No LinkedIn, você compartilhou que 32 pessoas já conseguiram ser realocadas graças ao seu Compiladão. Vendo esse impacto positivo, seu plano é manter a lista no longo prazo?

Meu plano é continuar com a lista mesmo depois de ser recolocada, porque eu acho que tem um impacto social muito legal. São muitas pessoas desempregadas precisando de ajuda, que não sabem trabalhar bem o currículo, então eu acho que divulgar o perfil no LinkedIn pode ajudar para que um recrutador possa abordar a pessoa diretamente.

Não pretendo lançar uma plataforma de recrutamento, nem nada disso. Eu não ganho nada com o Compilação e não pretendo ganhar um dia. O máximo que eu acho que eu alcançar é fazer um post patrocinado aqui e ali. Mas eu já aviso as empresas que eu faço conteúdo sem vinculação com o Compiladão.

Você fez um post no LinkedIn reclamando que algumas empresas estão tentando se aproveitar do Compilação para se promover. Pode explicar essas abordagens que você recebe e por que são problemáticas?

Normalmente são pessoas que estão lançando plataformas de recrutamento novas que vem me abordar. Já houve casos que vieram me pedir para divulgar de graça a plataforma de recrutamento, e eu não vou fazer isso porque eu estou gerando lead de graça para alguém que vai lucrar em cima disso.
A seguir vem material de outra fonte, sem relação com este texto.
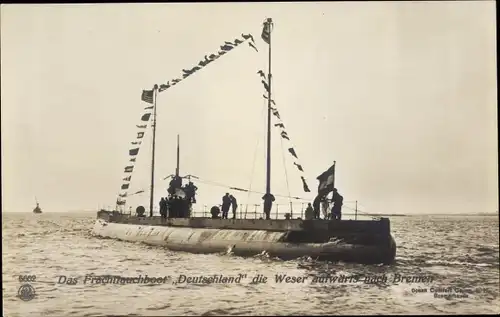 Ak Deutsches U Boot, Frachttauchboot Deutschland, Weser aufwärts nach Bremen fahrend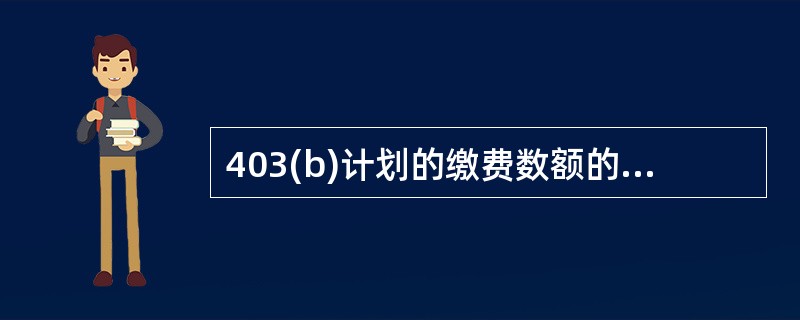 403(b)计划的缴费数额的限制不包括（　　）。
Teve pessoas também fazendo post de divulgação da própria plataforma e mencionando o meu nome para ganhar alcance no post. Nesses casos, eu retiro a menção, denuncio com spam e bloqueio a pessoa.

Como está o seu processo de realocação no mercado de trabalho desde a criação do Compilação?

Eu tenho feito muitas entrevistas. Chegar até elas não tem sido um problema. Eu percebo que depois que o Compiladão tomou toda essa proporção, eu fiquei mais conhecida e algumas empresas vieram me procurar até para participar de processos seletivos. 

O problema é que quando chega no final do processo, eu acabo não recebendo uma proposta. Minha hipótese é de que chega um profissional mais barato que as empresas preferem contratar para economizar. Eu sinto que agora está no momento das empresas “canibalizarem” os salários, já que tem muita gente no mercado procurando emprego.

Como meu seguro-desemprego vai até setembro e tenho uma reserva financeira, eu tenho tempo para procurar um emprego “ideal”, com mais calma. Em algum momento, eu acredito que a poeira vai baixar e as empresas vão voltar a contratar sem canibalizar o salário. Até porque eu trabalho com tecnologia, que é uma área cuja demanda tende a continuar crescendo em todo mundo. 

Se você reparar, o maior número de pessoas no Compiladão são das áreas de produto, de marketing, de desenvolvimento e design. Essas pessoas normalmente estão atreladas às áreas de inovação e de novos projetos nas empresas. Num cenário de encolhimento da economia, inovação é a primeira parte que as empresas cortam e para priorizar as áreas básicas. Então acredito que com a poeira baixando, as empresas vão voltar a investir em inovação.